### ABOUT THIS TASK:
Reproduce the following data exactly, minus any images.

Segment Start: INFORMATION PROVIDED

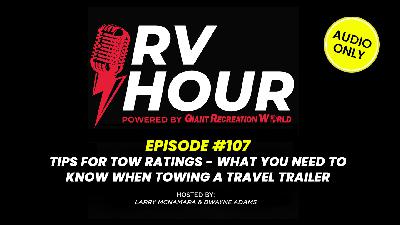 Mastering Tow Ratings: Essential Tips for Towing Your RV Travel Trailer or Fifth Wheel | RV Hour Podcast Episode 107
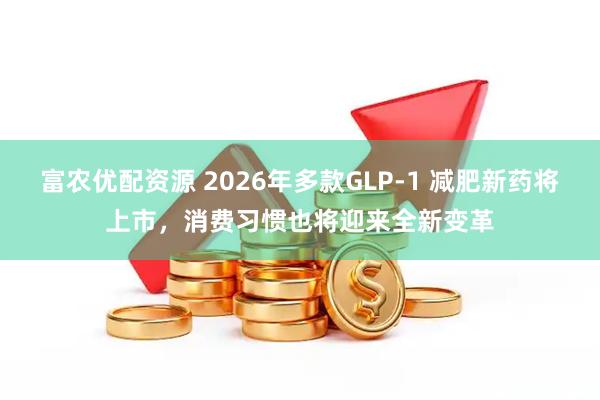 富农优配资源 2026年多款GLP-1 减肥新药将上市，消费习惯也将迎来全新变革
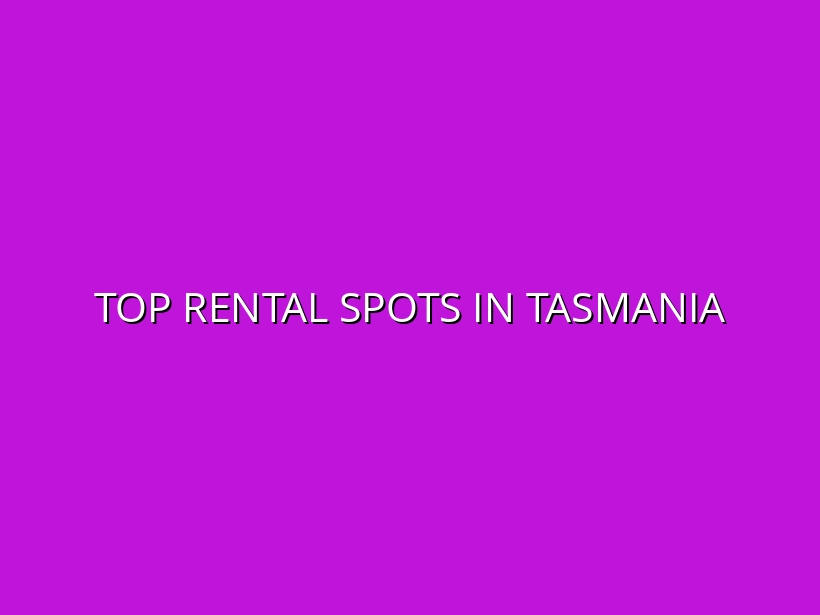 Rental Properties Tasmania: Best Areas for Renting in Regional Towns like Stanley and Sheffield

Segment End: INFORMATION PROVIDED

### TASK RESULT:
 Mastering Tow Ratings: Essential Tips for Towing Your RV Travel Trailer or Fifth Wheel | RV Hour Podcast Episode 107
 富农优配资源 2026年多款GLP-1 减肥新药将上市，消费习惯也将迎来全新变革
 Rental Properties Tasmania: Best Areas for Renting in Regional Towns like Stanley and Sheffield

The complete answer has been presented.